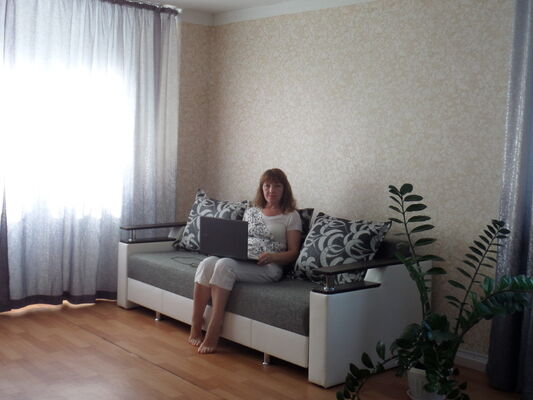  ,   , 63 ,     , c 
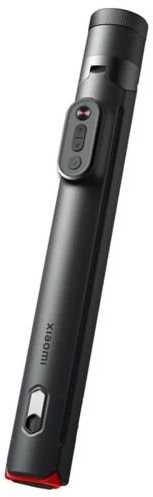 Asmenukių lazda Xiaomi Zoom Floor Selfie Stick Tripod, 62 cm nuotrauka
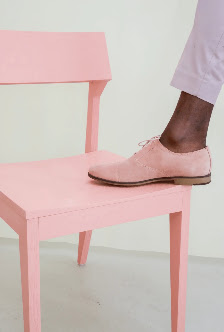 NORA BLUM - FOTOGRAFIE /+ GRAFIK DESIGN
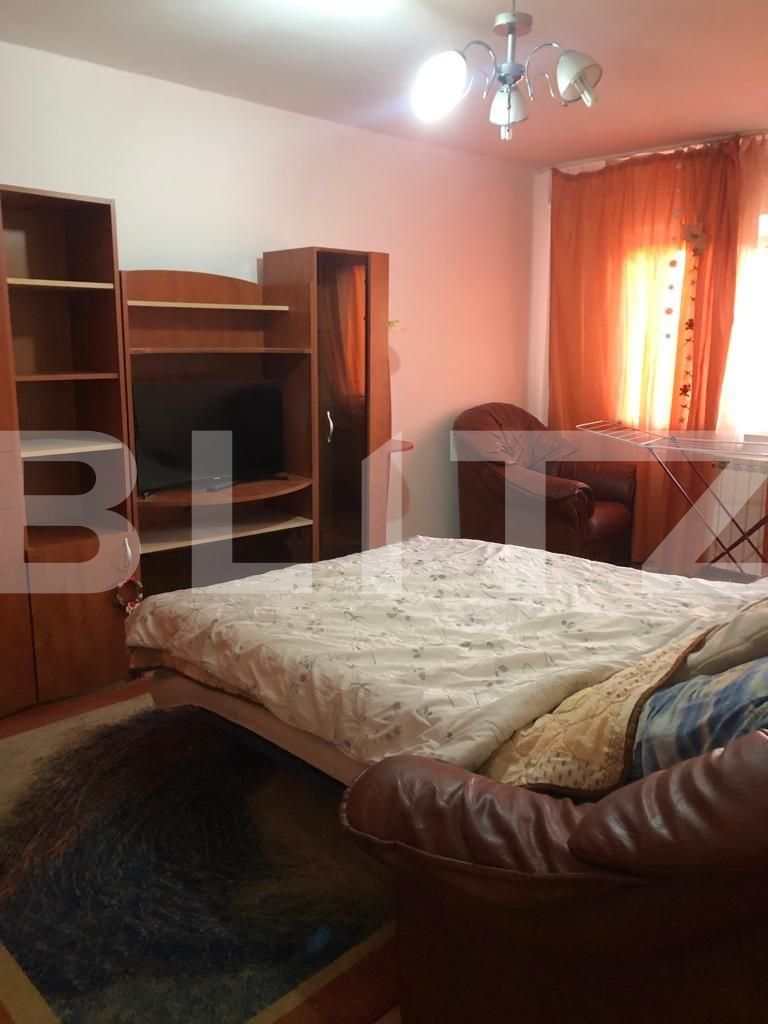 Apartament de închiriat 2 camere Decebal - 81371AI | BLITZ Oradea | Poza2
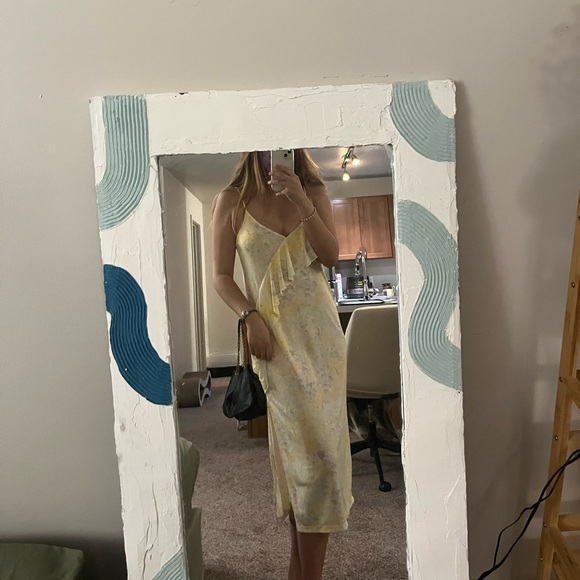 H&M Dress - Picture 4 of 5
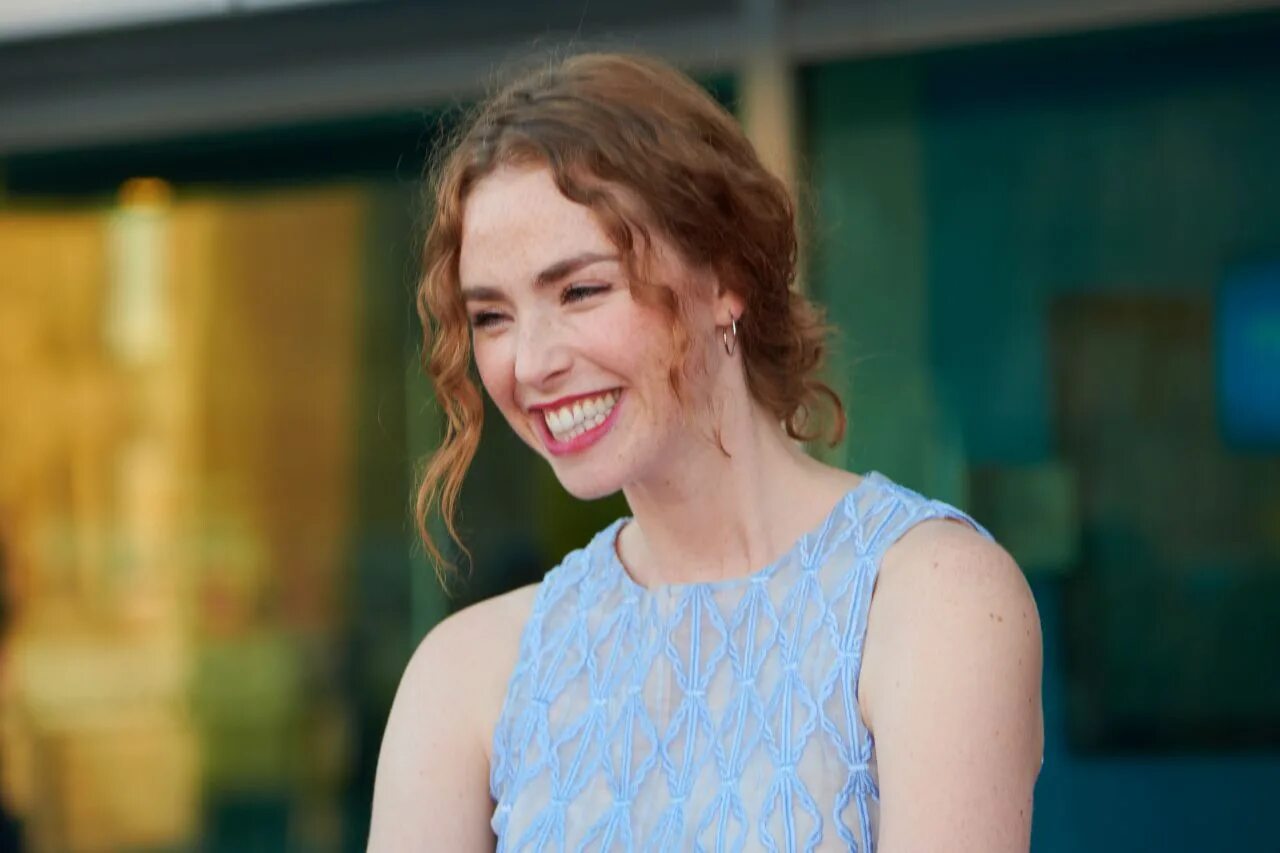 I can t hear it now freya. Фрея аллан цири нетфликс. You hear it grace. I can t hear it now freya. I can t hear it now freya.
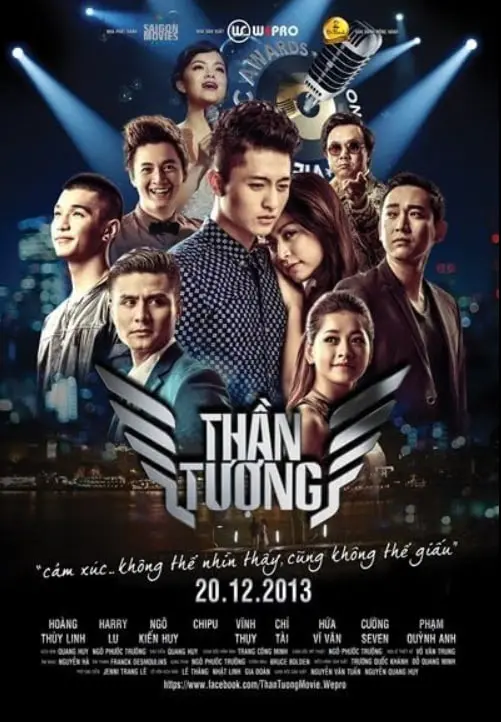 《丹祥》：一段穿越时空的乡巴佬逆袭史，触及心灵深处的心理救赎之旅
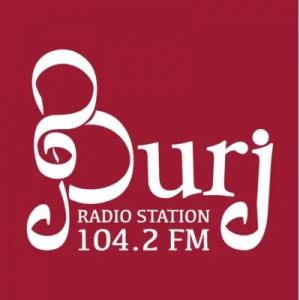 Burj Radio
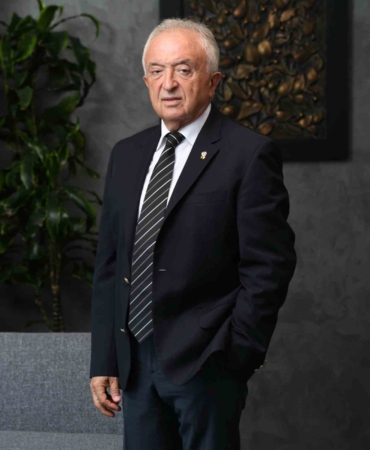 Aral: "Ülkemizin tam bağımsızlık hedefi doğrultusunda çalışıyoruz"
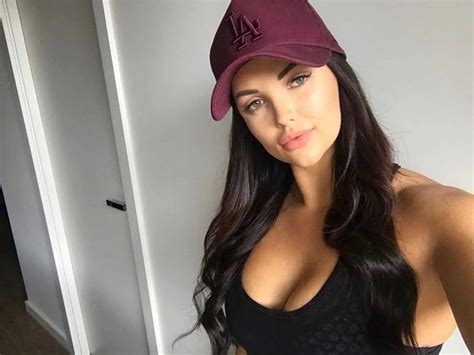 Dev daria only fans OnlyFans channel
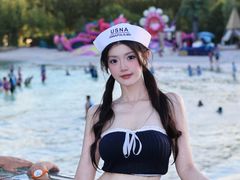 -波塞冬旅游度假区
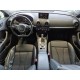2016 Audi A3 Sportback S line Sportpaket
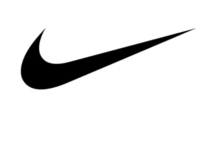 Nike za połowę ceny! Buty i ubrania w nowej, wielkiej wyprzedaży Nike!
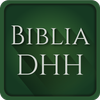 Biblia Dios Habla Hoy DHH biểu tượng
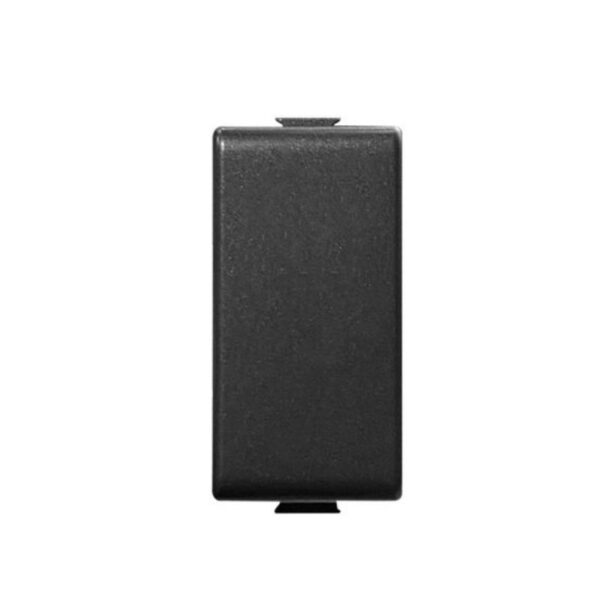 Shabana Stores Bticino Matex Plug Black New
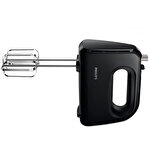 Philips HR3705/10 Daily Collection Mikser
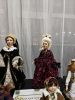 IMG20260111174407.thumb.jpg.34fe97646ee1d0afdada3090d86e8e52.jpg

The task |
The records above should be repeated exactly, with every picture omitted.

Answer area |
  ,   , 63 ,     , c 
 Asmenukių lazda Xiaomi Zoom Floor Selfie Stick Tripod, 62 cm nuotrauka
 NORA BLUM - FOTOGRAFIE /+ GRAFIK DESIGN
 Apartament de închiriat 2 camere Decebal - 81371AI | BLITZ Oradea | Poza2
 H&M Dress - Picture 4 of 5
 I can t hear it now freya. Фрея аллан цири нетфликс. You hear it grace. I can t hear it now freya. I can t hear it now freya.
 《丹祥》：一段穿越时空的乡巴佬逆袭史，触及心灵深处的心理救赎之旅
 Burj Radio
 Aral: "Ülkemizin tam bağımsızlık hedefi doğrultusunda çalışıyoruz"
 Dev daria only fans OnlyFans channel
 -波塞冬旅游度假区
2016 Audi A3 Sportback S line Sportpaket
 Nike za połowę ceny! Buty i ubrania w nowej, wielkiej wyprzedaży Nike!
 Biblia Dios Habla Hoy DHH biểu tượng
 Shabana Stores Bticino Matex Plug Black New
 Philips HR3705/10 Daily Collection Mikser
 IMG20260111174407.thumb.jpg.34fe97646ee1d0afdada3090d86e8e52.jpg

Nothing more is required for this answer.